>>

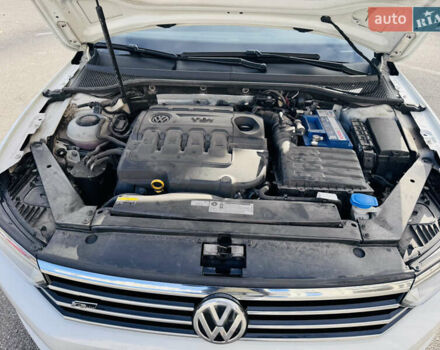 Белый Фольксваген Пассат, объемом двигателя 1.97 л и пробегом 275 тыс. км за 16499 $, фото 41 на Automoto.ua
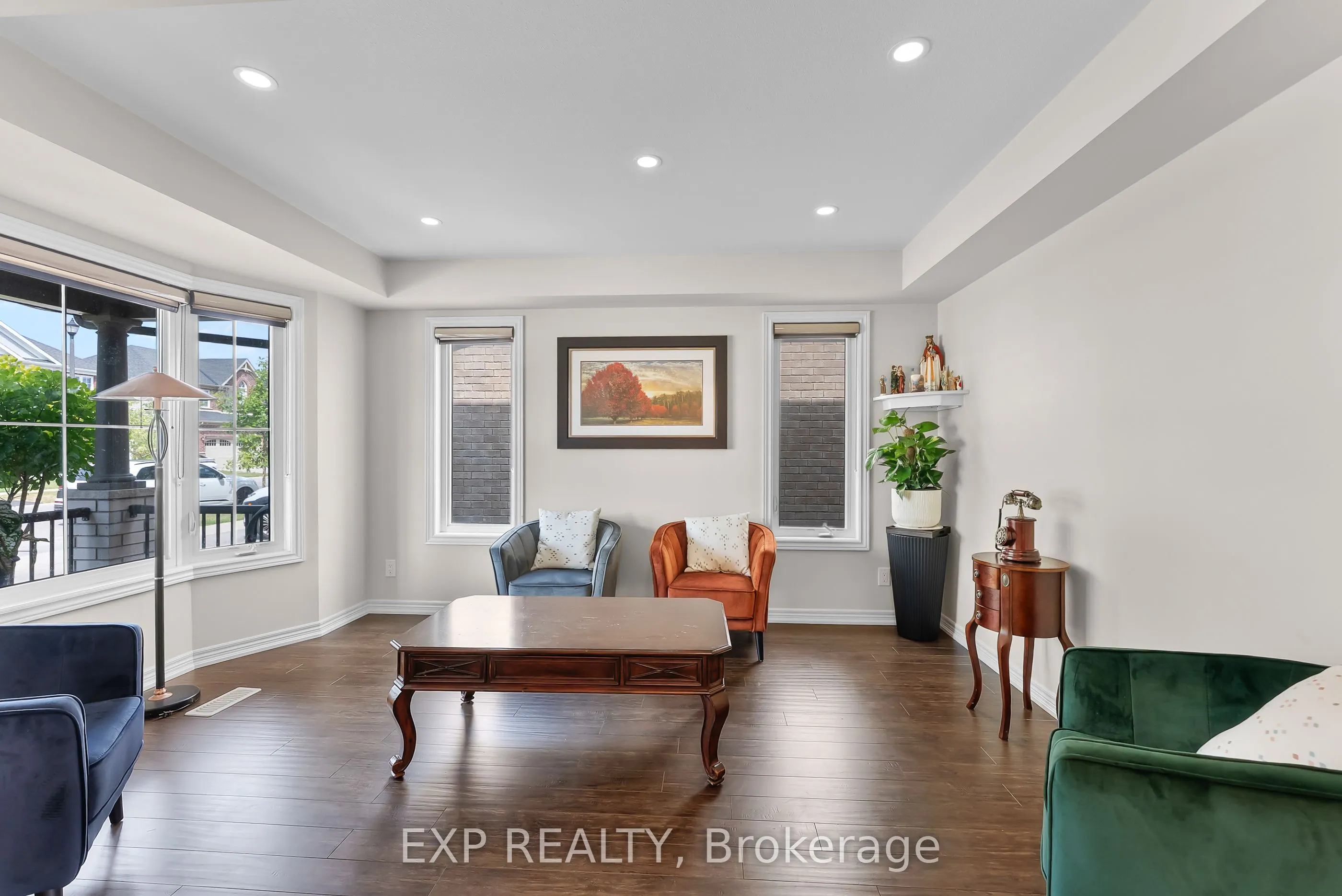 10 Riley Avenue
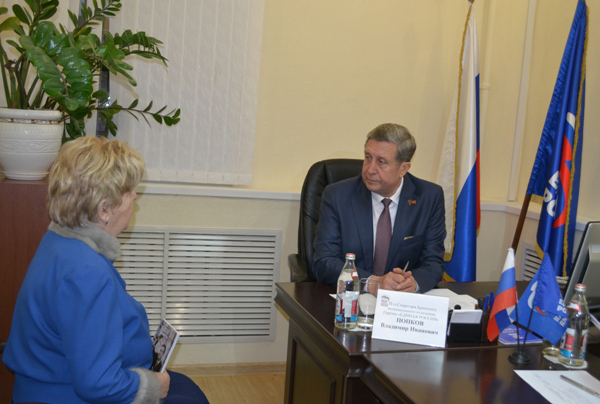 В Брянской области проходит традиционный прием граждан, посвященный 16-летию «Единой России»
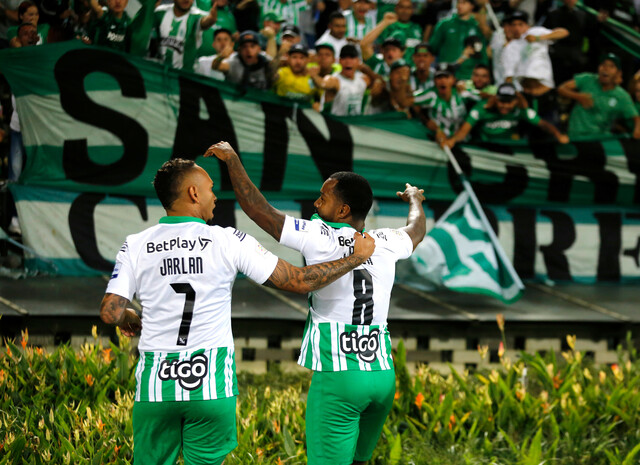 Nacional derrotó a Santa Fe y es líder Dos partidos más de la jornada 13 de la Liga Betplay del fútbol colombiano se cumplió este lunes, comenzando en la capital nariñense, donde el Deportivo Pasto empató a un gol frente a La Equidad.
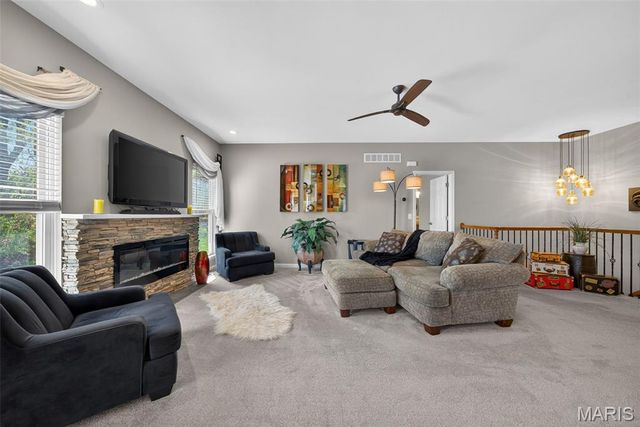 305 Newport Drive, St Peters, MO 63376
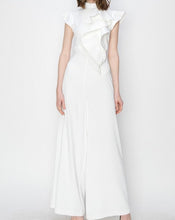 Cargar imagen en el visor de la galería, Tessy White Jumpsuit
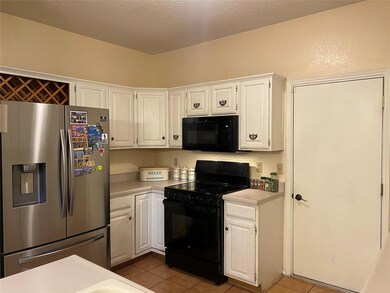 2905 Eagles Nest Dr, Bedford, TX 76021 - photo 7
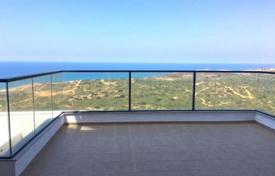 Современный пентхаус с двумя террасами и видом на море в светлой резиденции, Нетания, Израиль за 1 604 000 €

<<

Work request = Each entry should come back exactly as written, with its pictures omitted.

Solution to this exercise =
 Белый Фольксваген Пассат, объемом двигателя 1.97 л и пробегом 275 тыс. км за 16499 $, фото 41 на Automoto.ua
 10 Riley Avenue
 В Брянской области проходит традиционный прием граждан, посвященный 16-летию «Единой России»
 Nacional derrotó a Santa Fe y es líder Dos partidos más de la jornada 13 de la Liga Betplay del fútbol colombiano se cumplió este lunes, comenzando en la capital nariñense, donde el Deportivo Pasto empató a un gol frente a La Equidad.
 305 Newport Drive, St Peters, MO 63376
 Cargar imagen en el visor de la galería, Tessy White Jumpsuit
 2905 Eagles Nest Dr, Bedford, TX 76021 - photo 7
 Современный пентхаус с двумя террасами и видом на море в светлой резиденции, Нетания, Израиль за 1 604 000 €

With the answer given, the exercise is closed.